**TASK DIRECTIONS**
Drop the pictures, then repeat every record exactly as it stands.

****************************************

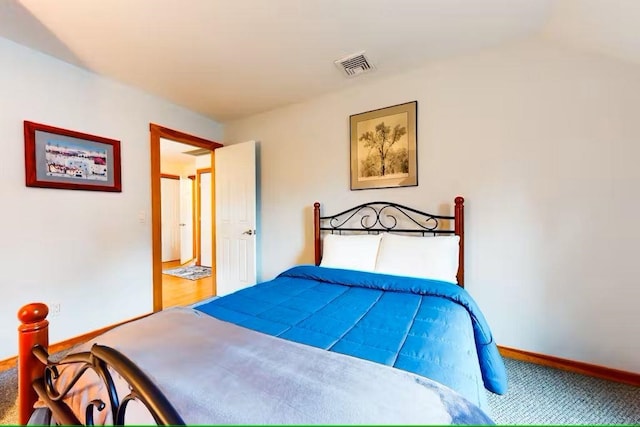 carpeted bedroom with visible vents and baseboards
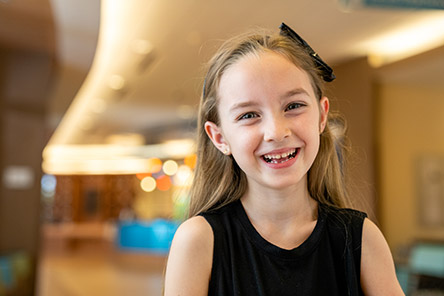 patient in lobby smiling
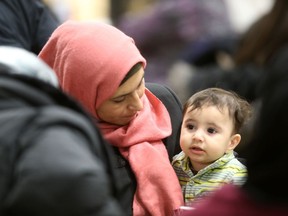 Salwa Al Ibrahim with her son Abdul Kareem Ali at the Newcomer Community Hub at Ryerson School, in Winnipeg Saturday during the official opening.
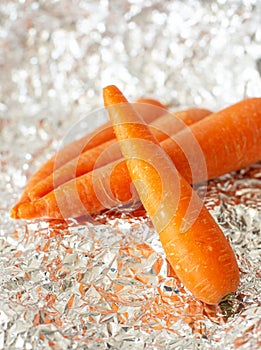 close up of sweet orange carrots over a tin paper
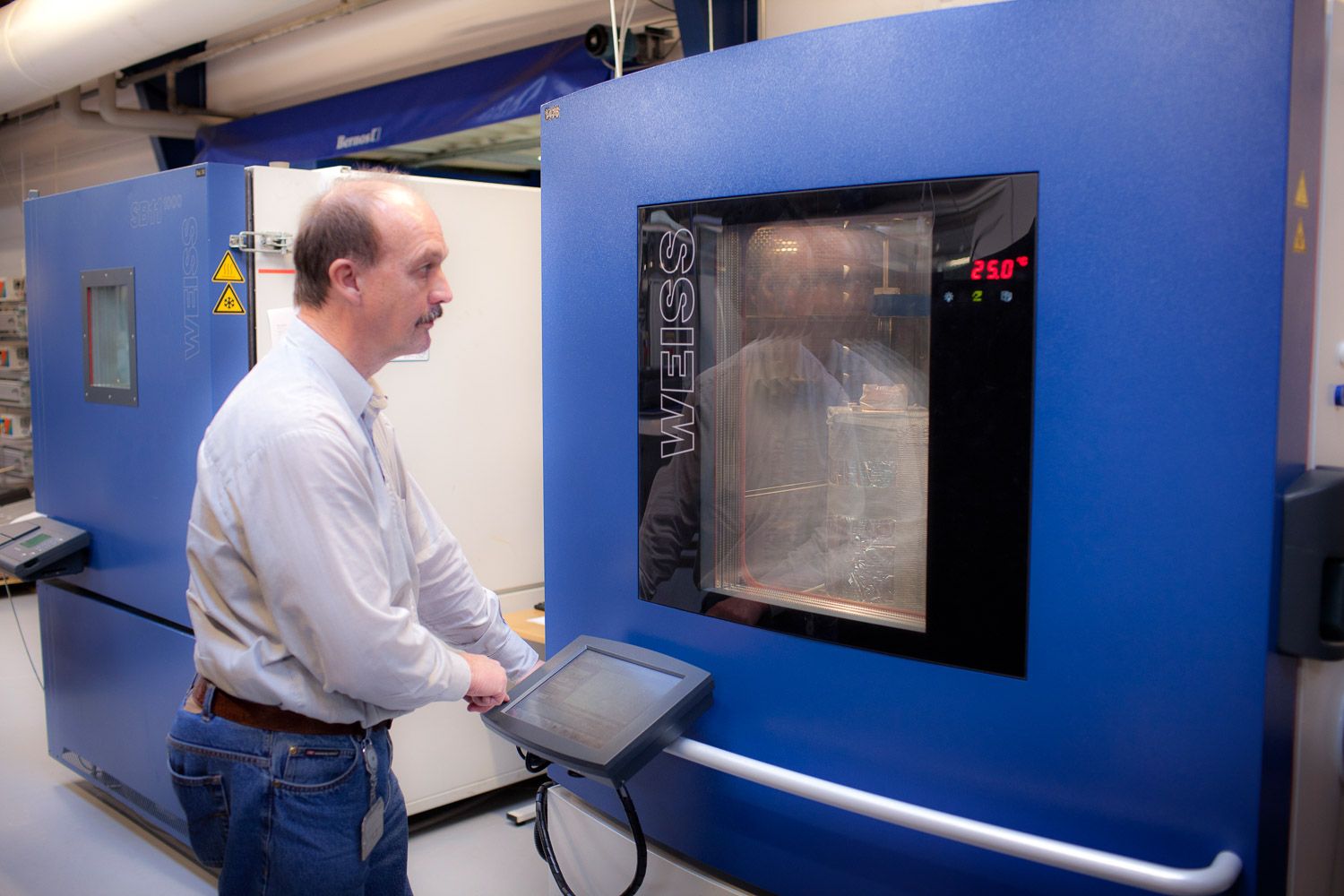 Modern laboratory space with blue walls and multiple testing stations.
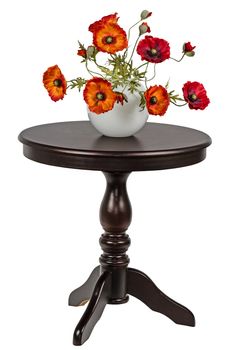 Bouquet of artificial poppies in a vase on the round table, 
isolated on white background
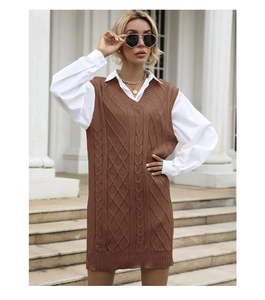 Close-up of caramel cable knit texture on a long V-neck sweater vest for women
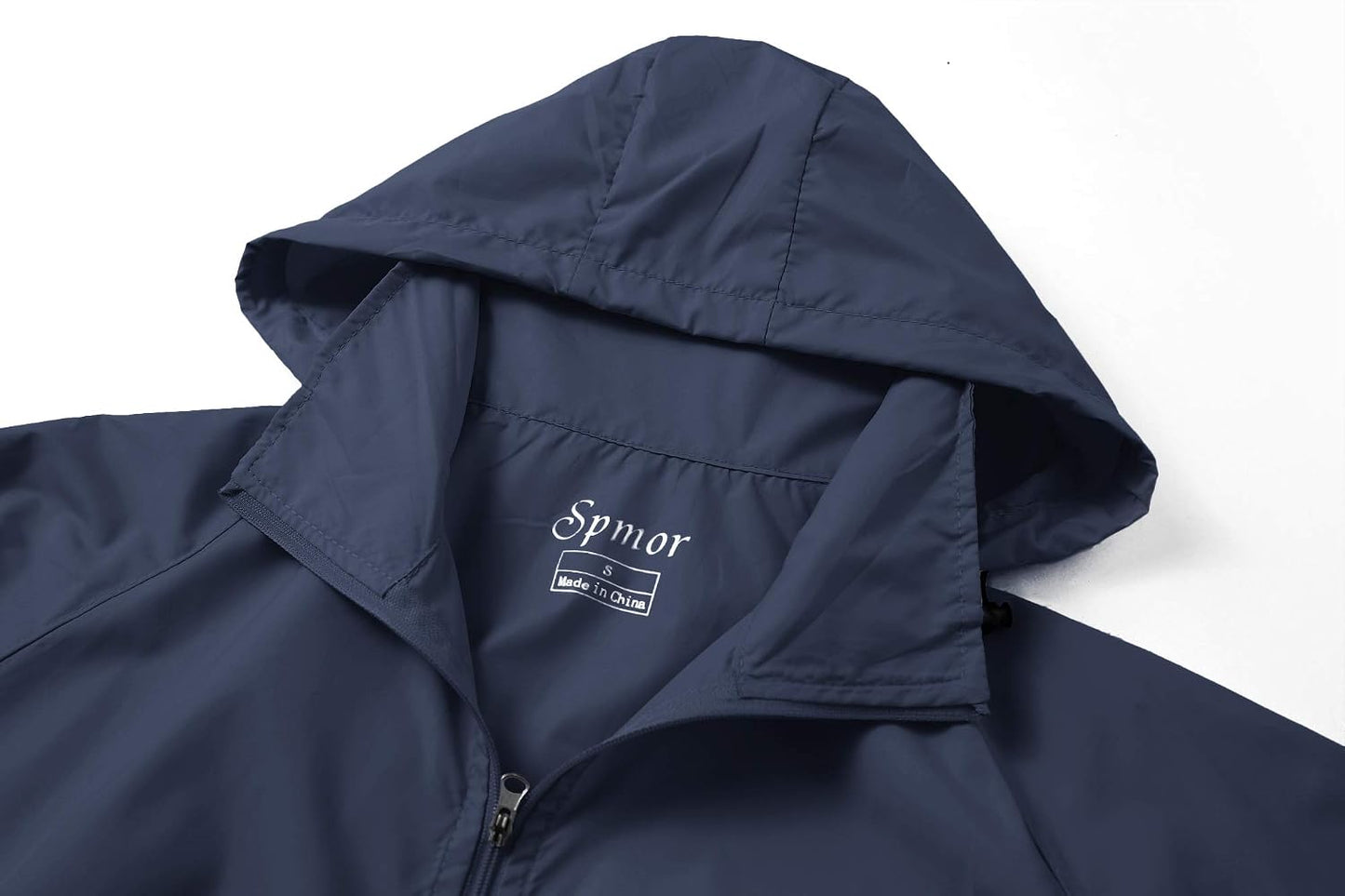 Women’s lightweight waterproof jacket by Spmor, packable windbreaker coat ideal for running and outdoor activities.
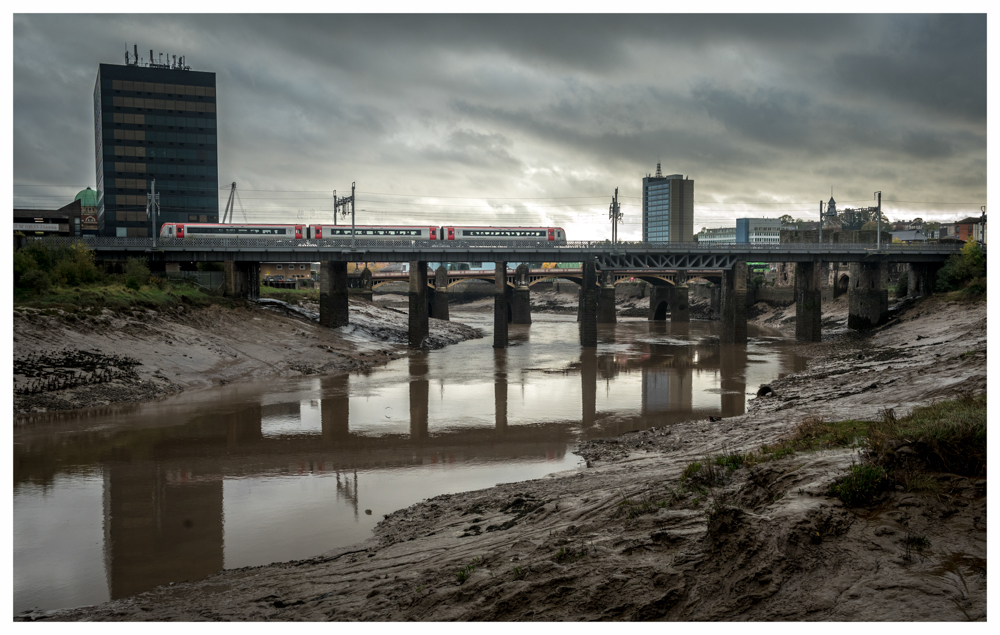 The Briny Usk
An unidentified TfW Coradia Class 175/1 crosses the briny River Usk with 1V95, the 10.41 Holyhead to Llanelli service, about to stop at Newport, South Wales on a dark and foreboding Thursday afternoon in late October.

****************************************

**SOLUTION FOR THIS EXERCISE**
 carpeted bedroom with visible vents and baseboards
 patient in lobby smiling
 Salwa Al Ibrahim with her son Abdul Kareem Ali at the Newcomer Community Hub at Ryerson School, in Winnipeg Saturday during the official opening.
 close up of sweet orange carrots over a tin paper
 Modern laboratory space with blue walls and multiple testing stations.
 Bouquet of artificial poppies in a vase on the round table, 
isolated on white background
 Close-up of caramel cable knit texture on a long V-neck sweater vest for women
 Women’s lightweight waterproof jacket by Spmor, packable windbreaker coat ideal for running and outdoor activities.
 The Briny Usk
An unidentified TfW Coradia Class 175/1 crosses the briny River Usk with 1V95, the 10.41 Holyhead to Llanelli service, about to stop at Newport, South Wales on a dark and foreboding Thursday afternoon in late October.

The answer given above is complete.